Major incident. Significant functionality is broken or degraded, but a workaround may exist or the impact is partial.

"It Hurts, But We Are Alive"

SEV1 (Severity 1) is a major issue. A core feature might be broken (e.g., "Users cannot update their profile pictures"), or performance is severely degraded (e.g., "Page loads take 10 seconds").

SEV1 vs. SEV0

  • SEV0: The house is burning down. (System is down).
  • SEV1: The kitchen is on fire, but the bedroom is fine. (Major feature broken).

Response Expectations

SEV1s require an Incident Commander and usually a Scribe. You should wake people up if it happens at night (depending on your On-Call policy), but you might not wake up the CEO.

ExThe Broken Image Upload

"A social network pushed a bug that prevented all image uploads. Users could still login and chat."

Impact
User engagement dropped 40%.
Resolution
Declared SEV1. Rolled back the change in 45 minutes.

Why SEV1 Matters

Urgent, but the company is not "dead".

Business impact is high, but not existential.

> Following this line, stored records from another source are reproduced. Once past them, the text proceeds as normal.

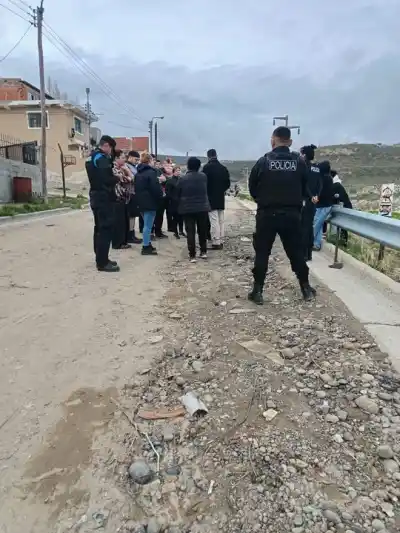 Denunciaron por WhatsApp una ocupación en Comodoro y no era en cualquier lugar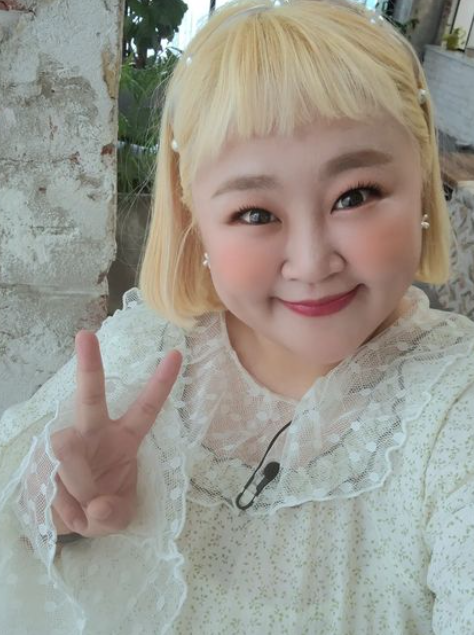 홍윤화, 십자인대 수술 후 근황에 "의사 4명 붙었다"
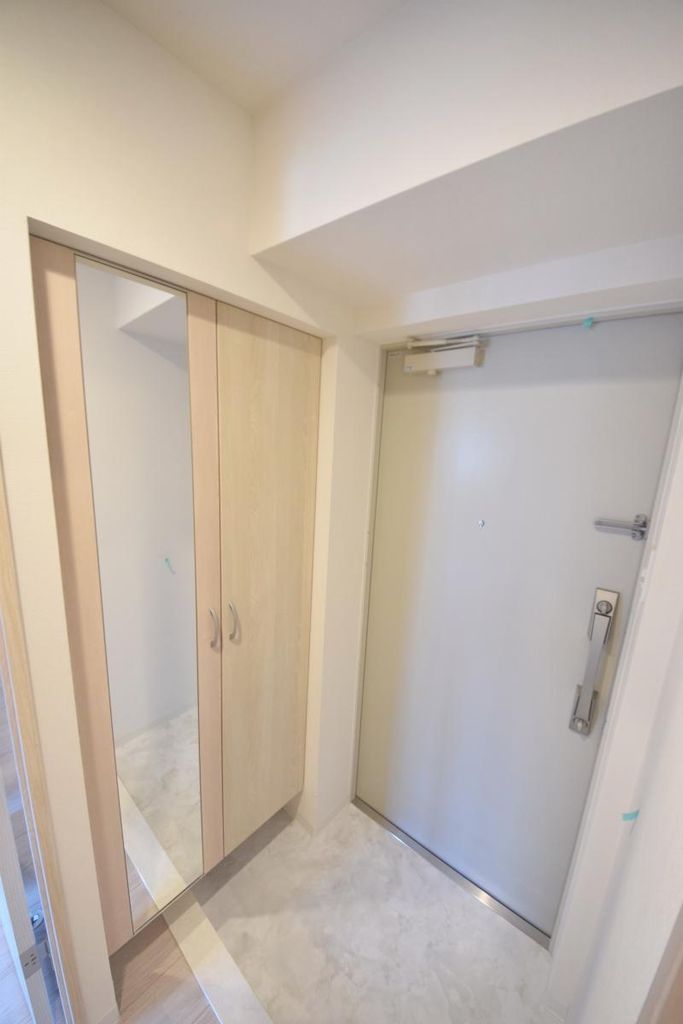 玄関　お部屋探しは【タウンハウジング蘇我店】にお任せ下さい♪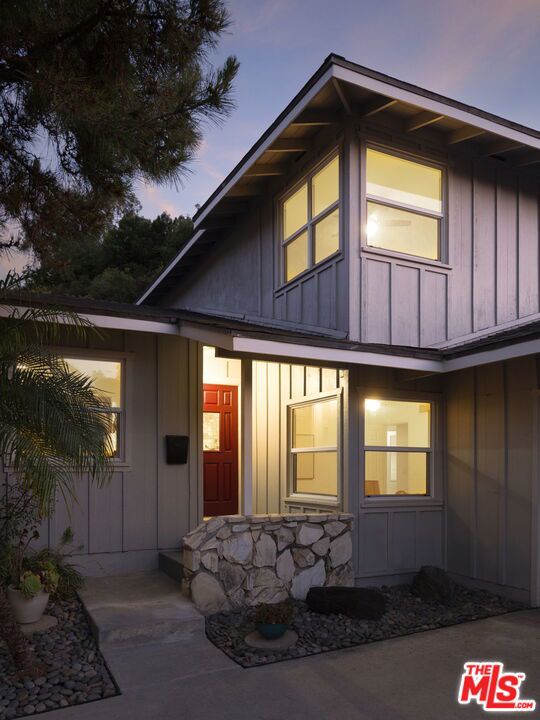 4061 Marchena Drive, Los Angeles CA: https://media.crmls.org/mediaz/5cad76da-7735-4840-8bb0-b80ae08443ad.jpg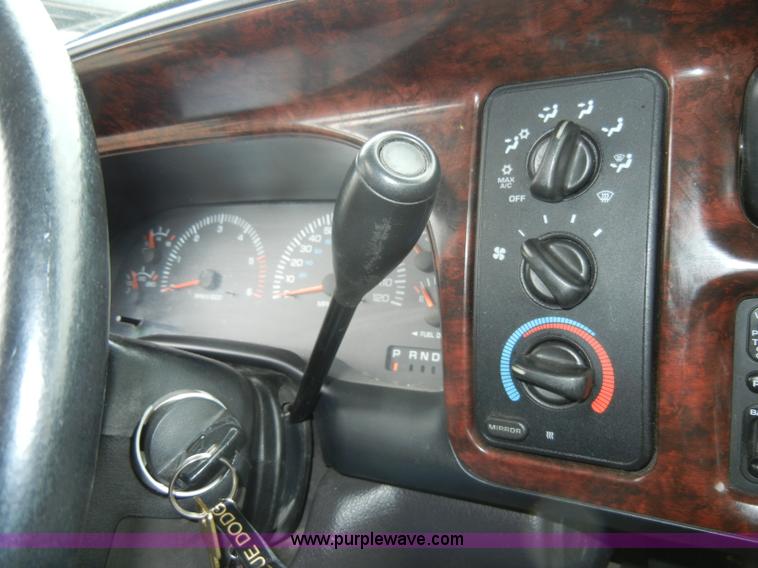 image for item C4110 2000 Dodge Ram 1500 pickup truck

Requires immediate attention but follows standard incident roles.

Common Pitfalls

Severity Inflation
Marking everything as SEV1 makes people ignore alerts ("The Boy Who Cried Wolf").
Severity Deflation
Calling a SEV1 a "SEV2" to avoid waking people up. This hurts customers.
Missing Role Formalities
Running a SEV1 without an assigned IC.

How to Use SEV1

⏱️
SLA: Target response < 15 mins.
📝
Assign Roles: You need an IC and Scribe.
📣
Notify Stakeholders: Keep the business informed.

Frequently Asked Questions

Is performance a SEV1?
Yes, if it significantly impacts usability (e.g., >3s latency for 50% of users).
Do I need a War Room?
Yes. Coordination is still required to prevent it from becoming a SEV0.
Can I go back to sleep?
No. SEV1s must be fixed immediately.